CMB – Não há como deixar de expor um membro do Poder Judiciário que atua diretamente nas comarcas de primeira instância, reconhecidos no jargão popular como a “tropa” do judiciário. Nós é que temos contato direto com as partes. Somos conhecidos na cidade onde moramos. Sabem nosso endereço, o local onde nossos filhos estudam, onde jantamos e os lugares que frequentamos para um mínimo de lazer com nossa família, até porque a lei nos impõe a obrigação de residirmos nas nossas comarcas. Já seria hora de rever esta obrigação. Afora isso, é preciso dar conhecimento que há quase cinco anos os juízes e membros do Ministério Público não têm reajuste em seus subsídios, e não estou me referindo a aumento de salário, mas a reajuste de acordo com a inflação, conforme previsto na Constituição. Neste aspecto, enquanto bandidos, sonegadores, traficantes etc., se profissionalizam em seus “modus operandi”, os juízes e promotores ficam reféns do próprio Estado em relação aos seus direitos consagrados na Constituição Federal. Neste sentido, é passível a discussão acerca de quem são verdadeiramente aqueles que atentam contra o Poder Judiciário, já que nos últimos tempos, o Estado tem se tornado o nosso maior agressor.

 

'Problema maior do que a investida de alguns criminosos contra juízes

e promotores é a falta de respeito do Estado com o Poder Judiciário'.

 

VF – Particularmente, o senhor já sofreu ameaças por exercer o seu ofício?

CMB – Já fui vitima de ameaças públicas.
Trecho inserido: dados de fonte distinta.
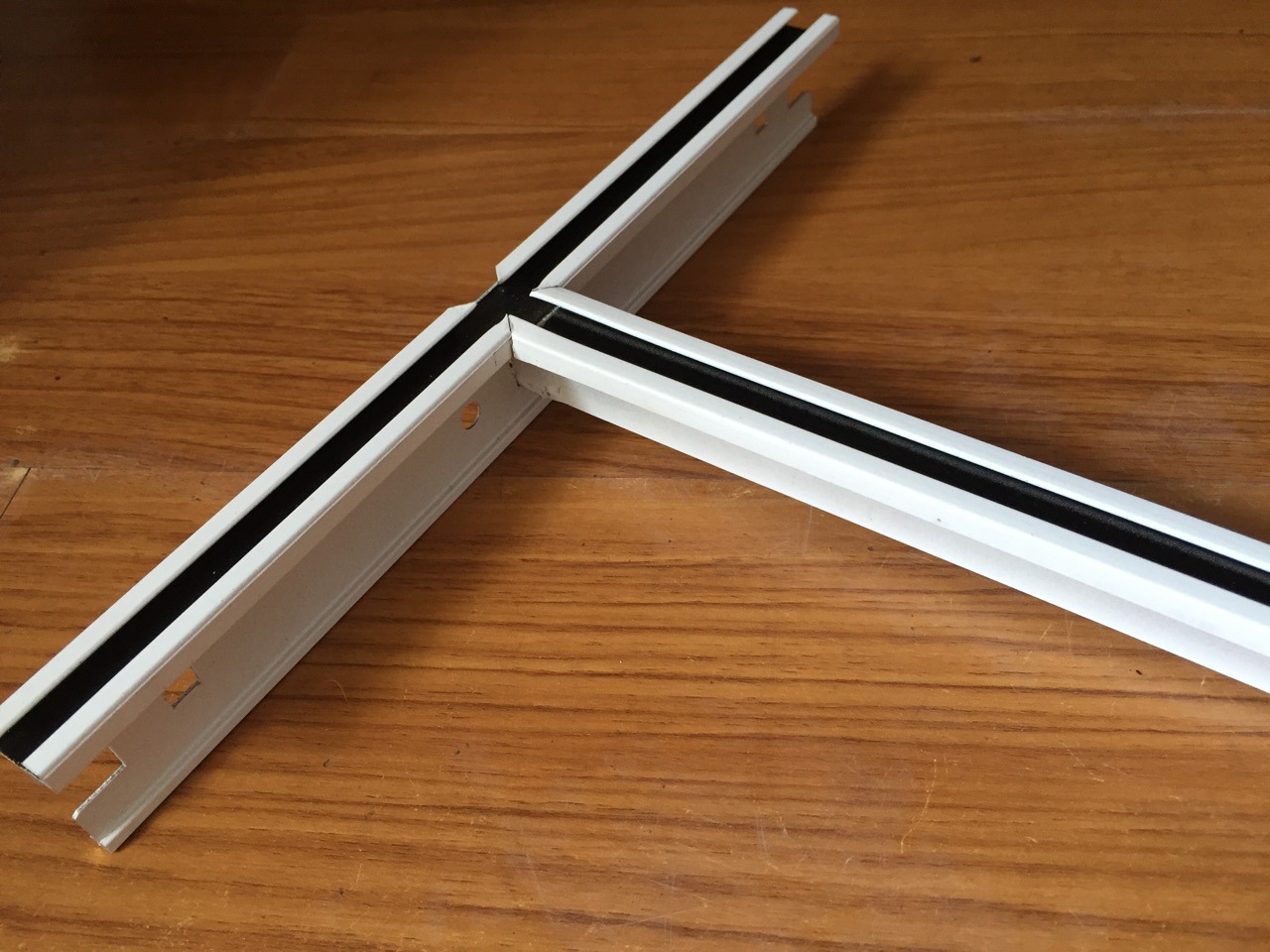 厂家直销吊顶龙骨 黑线 方槽 通槽铝烤漆龙骨 硬度高 品质保证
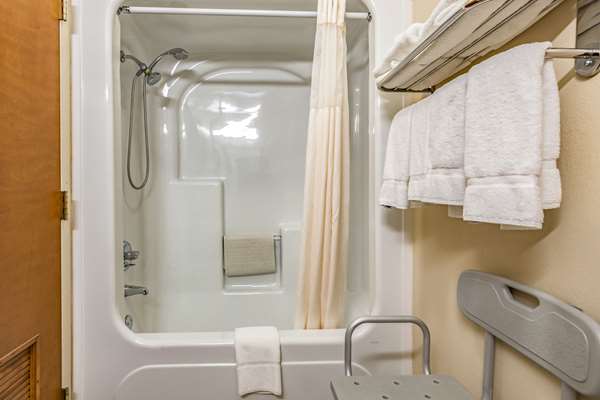  - Quality Inn Schenectady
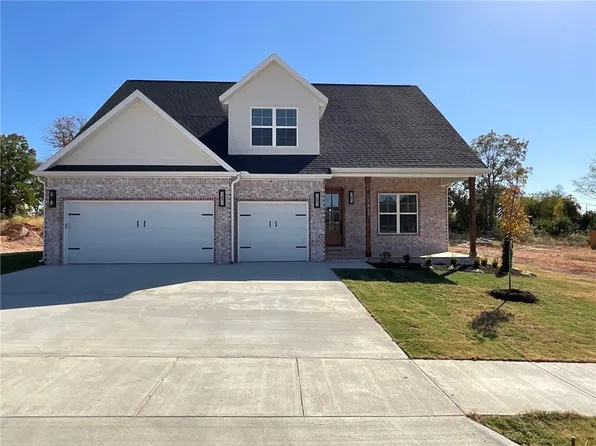 1469 Padova, Springdale, AR 72762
Na época, todas elas divulgadas por vários setores da imprensa e nem por isso, gozo de qualquer segurança no exercício de minha função em área de fronteira. Isso não é privilégio apenas meu, mas de todos os colegas que se encontram na mesma região.

 

VF –Pode nos sintetizar como ocorreram?

CMB – Foi referente a alguns paraguaios da fronteira, que se sentiram no direito e com o poder de atuarem em território brasileiro como atuam em seus quintais. Minha conduta se fez apenas no sentido de aplicar a lei.

 

VF – O senhor acredita que o Brasil está preparado para punir os seus grandes criminosos?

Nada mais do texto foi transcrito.